A titre d'exemple, on estime l'ARPU de Facebook à $4 par an et par utilisateur « actif ». La clé du système réside donc dans la taille de la base de données, indépendamment de la qualité ou la fraîcheur des données qu'elle renferme : 100.000 inscrits semble être un chiffre à atteindre avant de pouvoir séduire annonceur ou brokers (qui se chargent alors de commercialiser votre base moyennant commission).

Un système au service de WellPack ?

On imagine donc que le système ne reposera pas sur ces trois leviers lors de son lancement mais plutôt sur la symbiose ZeroThune-WellPack : ce nouveau service doit aussi servir à alimenter la base de données de WellPack afin de générer de nouvelles ventes à crédit (avec un incentive de 50 €). Charge ensuite à cette entité de faire grossir la base de données ZeroThune et de trouver des débouchés commerciaux à travers les canaux habituels du marketing-direct.

On peut craindre cependant que les futures offres poussées par ZeroThune vers ses membres ne soient constituées que de produits vendus par WellPack, au moins dans un premier temps (j'ai effectivement reçu suite à cette opération en une dizaine de jours 6 e-mails commerciaux de WellPack, ndla).

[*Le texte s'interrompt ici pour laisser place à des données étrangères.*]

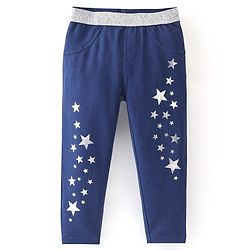 Babyhug Cotton Full Length Jegging With Star Print - Blue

ZeroThune pourrait aussi prendre le chemin d'un programme de fidélisation des clients WellPack : des thunes leur étant offertes lorsqu'ils complètent leurs fiches membres, achètent des produits à crédit, parrainent leurs amis, etc.

Il est possible d'imaginer que ZeroThune aura obtenu de 7digital une réduction sur la musique du fait de l'apport de clients à sa plateforme de téléchargement. Mais ce coût d'acquisition initial doit être tout de même très élevé. On est amené aussi à se poser des questions sur l'entretient de la base de données ZeroThune : il faudra bien offrir de nouveaux téléchargements pour fidéliser les « zéronautes » et éviter un trop grand turn-over.

C'est d'ailleurs l'un des problèmes de Guvera, concurrent d'outre-Atlantique : ses membres se plaignent sur les réseaux sociaux de l'absence d'offres publicitaires qui leurs permettent de télécharger de nouveaux titres gratuits. Guvera a d'ailleurs lancé l'écoute en streaming afin de calmer la grogne de ses utilisateurs et s'est lancée cet été dans la « Groupon-Mania ».

Guvera's Facebook wall

La publicité peut-elle encore financer le téléchargement de musique ? C'est à cette question que devra se confronter le prochain ZeroThune dont aucune date de lancement n'a pour l'instant été communiquée.

Mise à jour : l'ouverture du mini-site et le lancement de l'opération ont bien eu lieu le 22 septembre dernier, l'e-mailing m'ayant été envoyé à l'adresse que j’utilisais pour recevoir la newsletter du site WellPack. Le site est en tous points semblable à celui testé en avant-première.

L'opération n'a pas été relayée sur le site temporaire ni sur les outils sociaux de la marque (Twitter ou Facebook pour ne citer qu'eux). A noter enfin qu'un seul titre n'était réellement téléchargeable sur 7digital au lieu des deux annoncés sur le site (bien qu'il m'ait été dit par ZeroThune que deux titres étaient effectivement téléchargeables).